資料4 教員免許更新制における適格性の判定について(議論のたたき台)

1.判定項目及び判定基準(免許状の授与時及び更新時に共通)

(1)判定項目

判定項目 判定に当たって参考となる具体的事例 判定欄
1.豊かな人間性 (例)
  • 人間尊重・人権尊重の精神に欠ける
  • 他人に対する思いやりの心に欠ける
 
2.教職への情熱・教育的愛情 (例)
  • 教育や教員としての職務に対する使命感・熱意に欠ける
  • 児童生徒に愛情を持って接することができない
  • 児童生徒の人権に配慮した指導ができない
 
3.社会性 (例)
  • 社会的常識や見識に欠けた行動をする
  • 他の職員と協調的・協働的に職務を行うことができない
  • 保護者や地域の関係者と良好な人間関係を築けない
  • 公私の区別ができない
 
4.児童生徒に関する理解 (例)
  • 児童生徒の発達の特性を理解していない
  • 児童生徒とのコミュニケーションを取ろうとしない
  • 児童生徒の心身の状況を把握できない
  • 児童生徒と公平に接し、受容する包容力がない
 
5.教科等に関する専門的知識・技能 (例)
  • 教科等について、学習指導要領の趣旨・内容を理解していない
  • 教える内容に誤りがある
  • 児童生徒の質問に答えることができない
  • 指導計画や指導案を作成することができない
  • 教材研究を行わず、指導や教材選択の工夫ができない
  • 教科等の専門性向上に向けた研鑽意欲に欠ける
 
6.教科等に関する指導力 (例)
  • 児童生徒の反応を見ることなく、一方的に授業を行う
  • 授業の進め方について、一貫性・計画性に欠ける
  • 児童生徒の学習内容の定着状況を把握できない
  • その他指導方法が拙劣あるいは不適切で授業が成立しない
 
7.学級経営や生徒指導等に関する能力 (例)
  • 児童生徒との信頼関係が築けず、学級が機能しない
  • 児童生徒を取り巻く諸課題を踏まえた指導ができない
  • 児童生徒を見下し、感情的・高圧的な指導をする
 

(2)判定基準

判定基準 判定欄
  • 問題事象が頻繁に見られ、その程度が重大であり、簡単には改善できない持続性が認められ、円滑な職務の遂行に重大な支障を生じるおそれが強い。
A
  • 問題事象が時々見られ、その程度が比較的重く、円滑な職務の遂行に支障を生じるおそれがある。
B
  • 問題事象が時々見られるが、その程度は軽微であり、円滑な職務遂行に支障を生じるおそれは比較的少ない。
C
  • 特に問題は認められない。
(空欄)

2.免許状(正規の免許状)の授与時の判定

(1)判定権者及び判定方法

案1:教員養成を行う大学が適格性を判定する場合

 適格性の判定は、実質的には教員養成を行う各大学が行う。具体的には、教員養成を行う各大学は、新たに教職課程委員会(仮称)を設置し、学士の学位等の基礎資格を有し、教職課程の所要の単位を修得した者に対して、面接や論文審査、模擬授業等の方法により、教職課程の履修全体を通じて身に付けた資質能力を総合的に評価するとともに、その一環として、教員としての適格性の判定を行う。
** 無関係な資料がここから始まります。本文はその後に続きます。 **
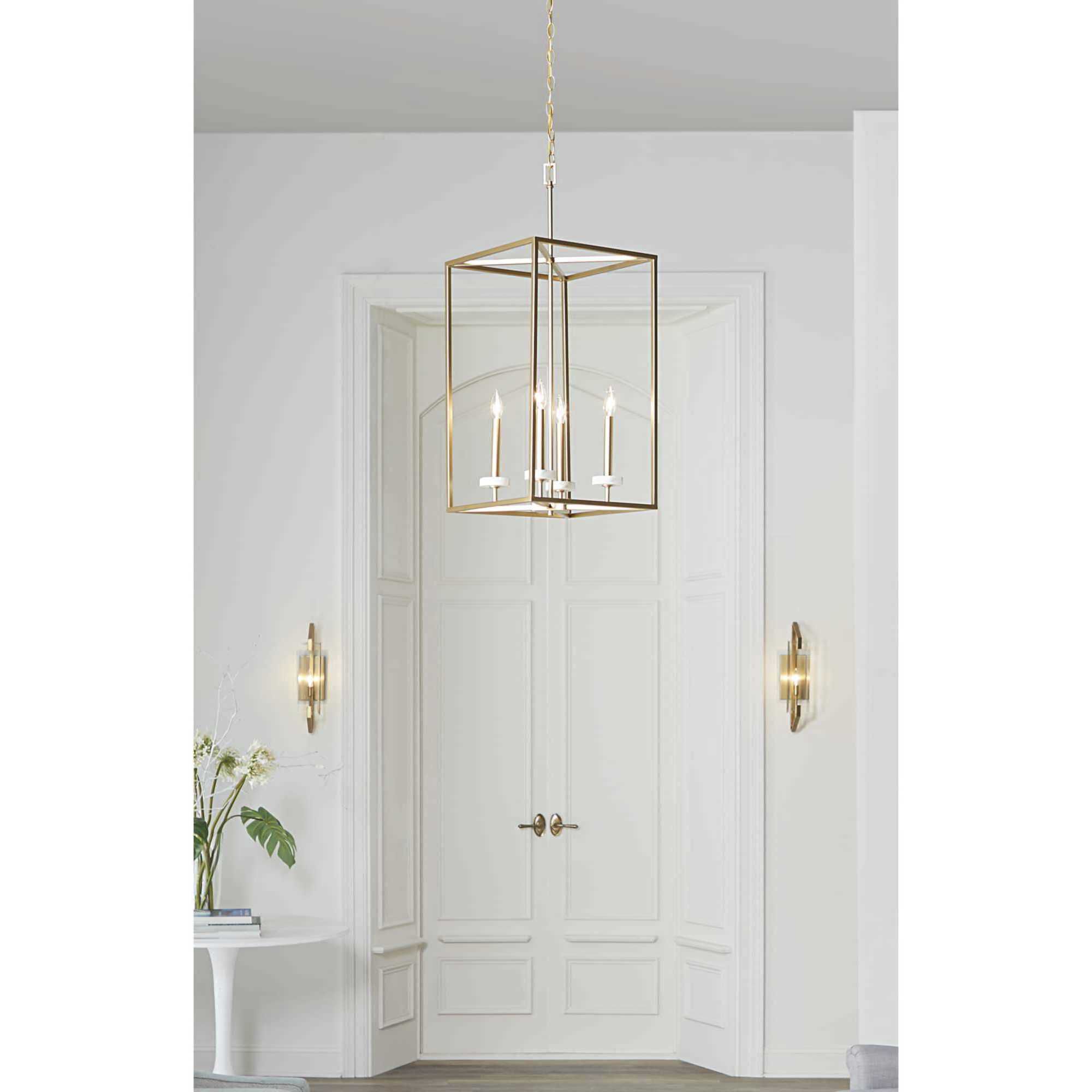 Santa Barbara 4 Light 15 inch Vintage Gold Foyer Pendant Ceiling Light, Design Series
 大学(教職課程委員会(仮称))からの評価結果の報告に基づき、免許状の授与権者である都道府県教育委員会が最終的に判定を行う。

案2:一定の勤務実績を基に教育委員会が適格性を判定する場合

 適格性の判定は、免許状保有者の所属する学校長からの一定の勤務実績(直近6ヶ月)についての報告に基づき、免許状の授与権者である都道府県教育委員会が行う(学校長からの報告は、服務監督権者である市町村教育委員会、任命権者である都道府県教育委員会を経由して行う)。

(2)判定結果と対応

判定結果 対応
1.Aが1つ以上ある
  • 免許状を授与しない。
2.上記以外
  • 免許状を授与する。

 上記1(Aが1つ以上ある)に該当すると認められる場合には、適格性の判定に際して、客観性・公正・公平を保つため、第三者により構成される審査委員会(仮称)を設置し、そこへの諮問・答申を踏まえて、判定を行う。

(3)免許状が授与されない場合

案1:教員養成を行う大学が適格性を判定する場合

 免許状が授与されなかった者については、大学の講習の受講等により、問題があるとされた事項について改めて履修した上で、再度、大学の教職課程委員会(仮称)において、総合的な評価を受けることとする。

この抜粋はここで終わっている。